This week Jess and I sent Kern and Burn: Conversations With Design Entrepreneurs to the printer. What started as a blog a year and a half ago has taken shape as a 276 page perfect-bound book. I’m excited. It may be the hardest I’ve ever worked on anything. We’ve been making book decisions every day for the past 6 months. What interviews can we strengthen? Can we cut a ‘famous’ designer’s interview when they were so generous and talked with us? Is our red, orange enough? What the heck are we doing? What if no one likes it? How many nagging emails is too many?

Sending a book to press is different than writing a blog post, or capturing email addresses, or testing product assumptions. You can’t really beta test it, and it’s impossible to log in to wordpress and fix a fact, or correct a spelling mistake. I think we took all of the right steps. We hired a copy editor, read the book ten times, reviewed everything with the designers we interviewed, and made intelligent decisions. But I am completely terrified.

I’m incredibly grateful to our Kickstarter backers that made it possible. But it still feels crazy. I’ve never spent this much money on anything before in my entire life. My first car cost less then a third of what our book run costs.

But, it’s sent. It’s gone. Editing the book is over. When I lay in bed tonight and flip through the PDF on my iPad and find mistakes—and there will certainly be mistakes—there’s nothing I can do. I have to let it go. I have to be ok with the imperfection and celebrate what we’ve accomplished.

Not many things that I do today are permanent. I can delete Twitter posts, curate my Facebook wall, and ship quickly on digital products. I’m expected to iterate. But shipping a physical product is incredibly scary. And it’s just the beginning of the hard part. We need to sell and distribute this book.
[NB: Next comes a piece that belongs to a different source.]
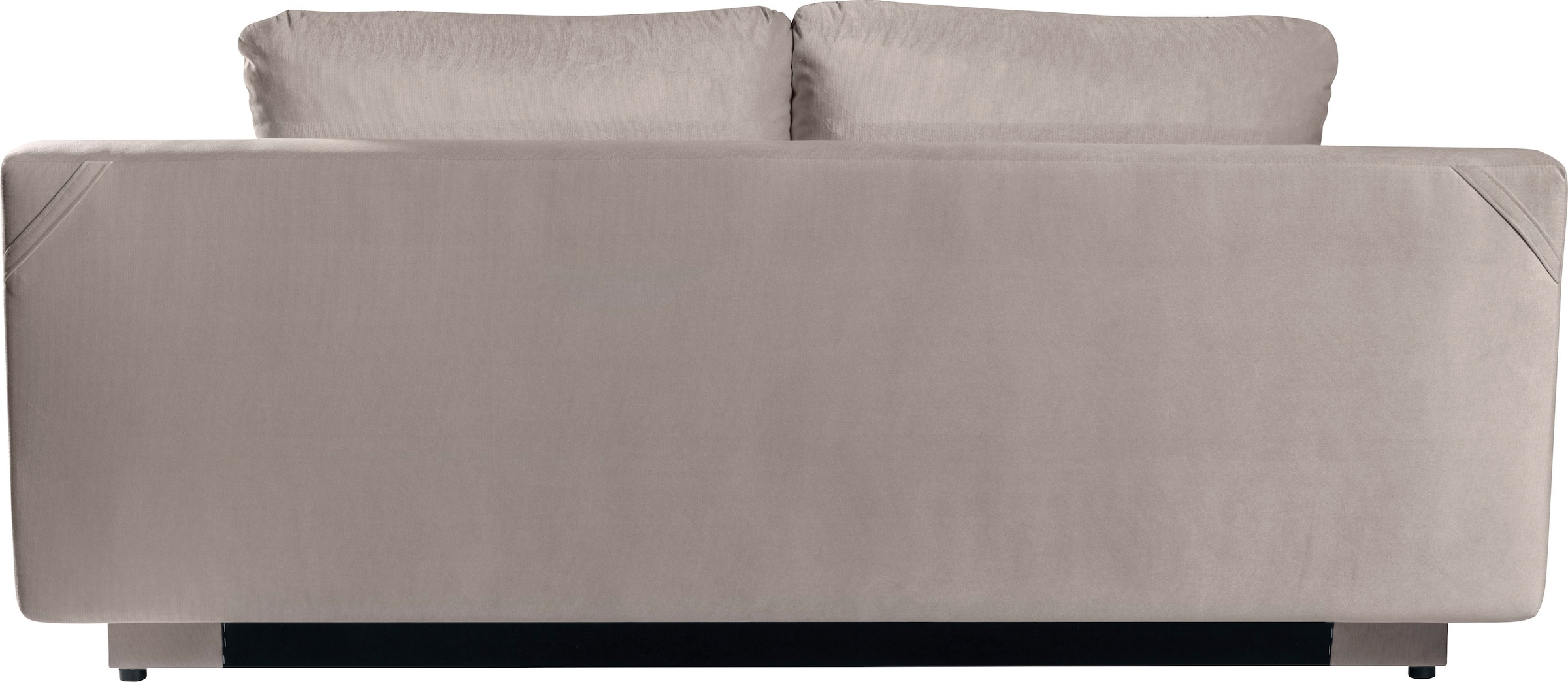 WERK2 Schlafsofa »Rosso Breite 202 modern & bequem, Federkern, Bettkasten, Bettfunktion« Cord, Schlaffunktion, Bettkasten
There’s something that feels right about self-publishing. About taking responsibility for our decisions and our mistakes. If the book is a success, it’s because we made good decisions. If it is not, it’s because we made bad decisions. We can’t blame errors on our publishers.

I cannot wait for the moment when I finally hold a physical copy of the book in my hand. But today, I think letting go of 1.5 years worth of work, may just be the most profound moment in the entire process. For better or worse, we’ve done what we can, and our passion project will soon be released into the world.

What else am I waiting to do until I think it’s perfect? Until I can mitigate the chance that I’ll be embarrassed, or considered foolish?

It seems we are being encouraged to be entrepreneurs, to take control of our own destinies, and to take risks. But I’m beginning to realize that vulnerability is as much of a skill as risk. That the opportunities are for those willing to ship. Willing to let go, and invite critique, feedback, and hopefully support. As designers we often find ourselves fighting for control, but I gotta believe there’s power in embracing constraints and letting go.